25Dans un tout autre contexte et une toute autre forme d’écriture, on verra que Francis Ponge est amené à rejeter à son tour, à sa manière joueuse, impertinente et astucieuse, la fixité, la rigidité et l’autoritarisme d’une certaine conception de la vérité, qu’il renvoie au topos platonicien l’associant à la lumière — et ceci pour remettre littéralement la vérité en mouvement (la fouetter comme une toupie ou comme un œuf, selon ses termes), après l’avoir mise en abyme, c’est‑à‑dire prise au piège. À partir d’une lecture à la fois soigneuse et inventive du Soleil placé en abîme, qu’elle aborde sous un angle herméneutique, mais aussi génétique, Camille Rodic nous montrera de quelle façon Ponge instaure en poésie un nouveau rapport à une vérité décentrée, un rapport non tyrannique, horizontal ou expérimental. Par la grâce du travail de l’« objeu », ou plutôt par la brèche qu’il permet d’ouvrir, le concept philosophique est revu plus tard chez Ponge en « conceptacle » : sans aucun nihilisme, il s’agit cependant de décaler fermement les mots et les notions, pour libérer et multiplier leurs rapports.

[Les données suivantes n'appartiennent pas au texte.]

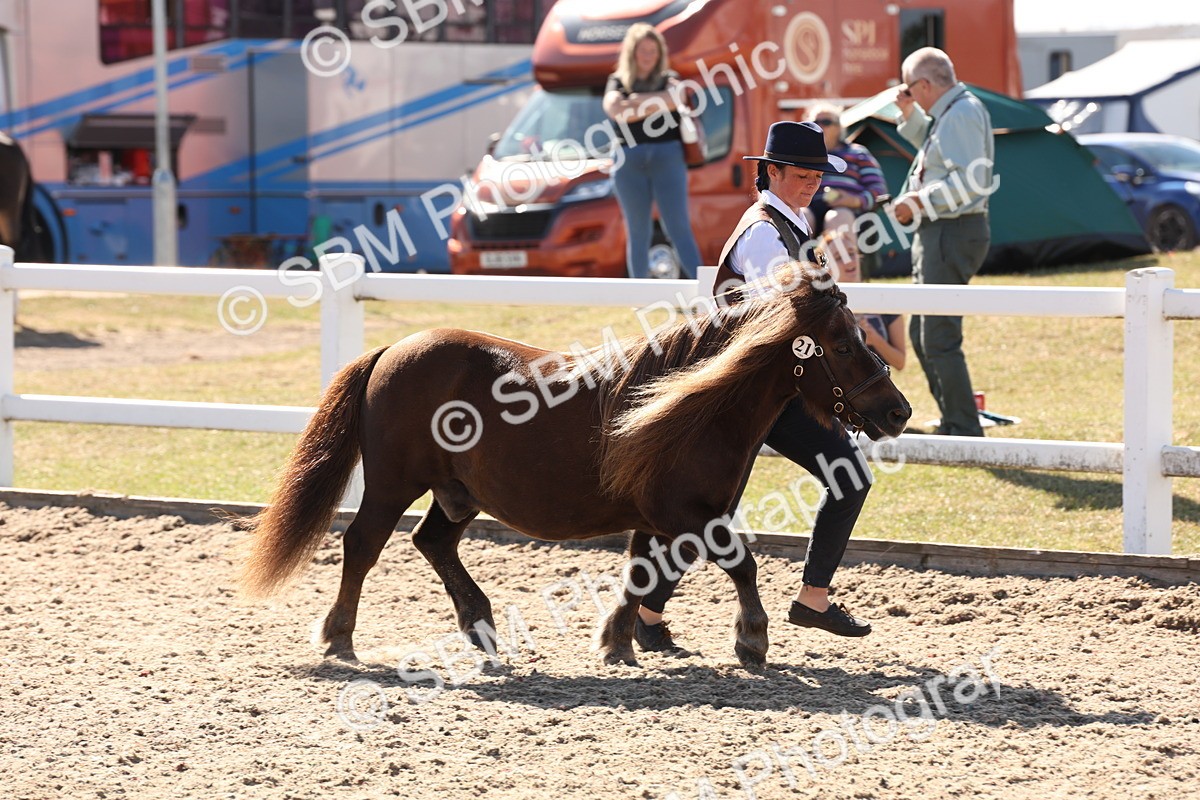 SBM_13916 - Class 205 - IH Show Pony - Show Hunter Pony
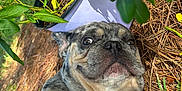 Clone joined the competition — help win amazing prizes! animal, bulldog, canine, dog, flower, frenchbulldog, geranium, herbal, herbs, jar, leaf, pet, pitbull, plant, planter, pottedplant, pottery, puppy, soil, vase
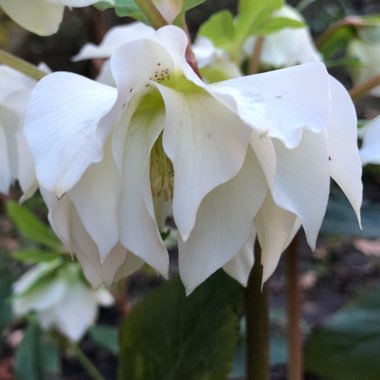 Helleborus x hybridus 'Double Ellen White' (Double Ellen Series)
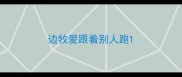 边牧爱跟着别人跑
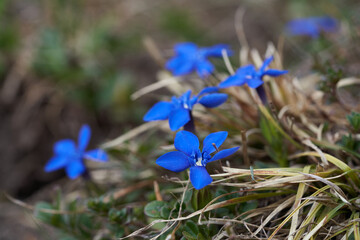 Gentiana clusii flower of the sweet lady or Clusius gentian large flowered native to Europe named...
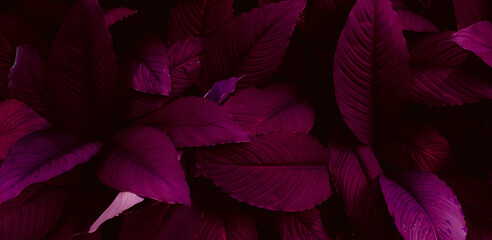 closeup nature view of purple leaves background, abstract leaf texture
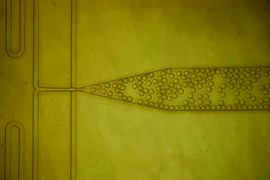 A closeup of a microfluidic device, with many circular droplets inside a pipette-type chamber.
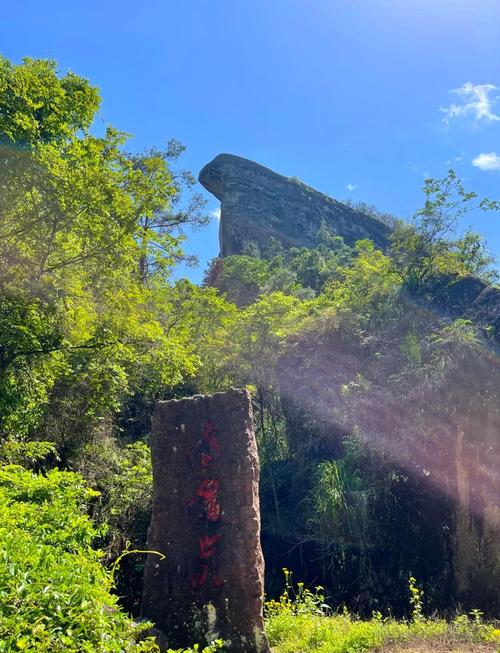 武夷山有哪些好玩的景点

26Afin de rendre compte de la souplesse de la notion de vérité poétique, nous avions invité nos contributeurs et nos contributrices à étendre le lexique et à le faire varier, en explorant l’usage ou la récurrence de termes voisins, mais qui permettent de déplacer, voire de reconfigurer le rapport de la langue au réel : la sincérité et la clarté par exemple, comme dans le programme qu’esquisse Verlaine dans l’une des pièces de Bonheur (« L’art tout d’abord doit être et paraître sincère / Et clair, absolument : c’est la loi nécessaire39 »), ou comme chez les auteurs étudiés par Nicholas Manning dans un ouvrage intitulé Rhétorique de la sincérité40, dont le compte rendu est repris dans notre dossier critique. Ce pourrait être aussi l’exactitude et la justesse que décrit notamment Danièle Cohn, dans une étude « sur l’esthétique des Lumières », en précisant qu’elles sollicitent « l’engagement d’un observateur41 » ; ou encore la cohérence et la rigueur qu’évoque volontiers Roger Caillois, ce que montre bien l’article de François Moll consacré à sa « déontologie poétique ». Il souligne en outre à quel point la pensée de Caillois est avide de continuité et d’adéquation, entre l’imagination et la nature en particulier. À cet égard, l’image ou l’analogie permet, dans l’écriture poétique, d’atteindre non la vérité, mais plutôt la justesse, puisqu’il s’agit toujours de penser en termes de correspondances et d’harmonies, à partir d’une nature perçue dans son antériorité. Au sein de celle‑ci, le poète bénéficie toutefois de la liberté de choisir des formes meilleures que d’autres, et en l’occurrence, rejetant la plante, il élit la pierre, qui fonctionne comme témoin d’une justesse naturelle et première. Étant lui‑même sorti du paradigme de la révélation (car l’écriture, prétend‑il, est « en pure perte »), si Caillois n’abandonne pas tout à fait le terme de vérité, il lui donne différents sens. Il le renvoie ainsi tout à la fois à la morale que s’impose le poète et à la nature qu’il s’efforce de continuer, les deux formes de création, naturelle et poétique, obéissant de la même manière à des lois rigoureuses.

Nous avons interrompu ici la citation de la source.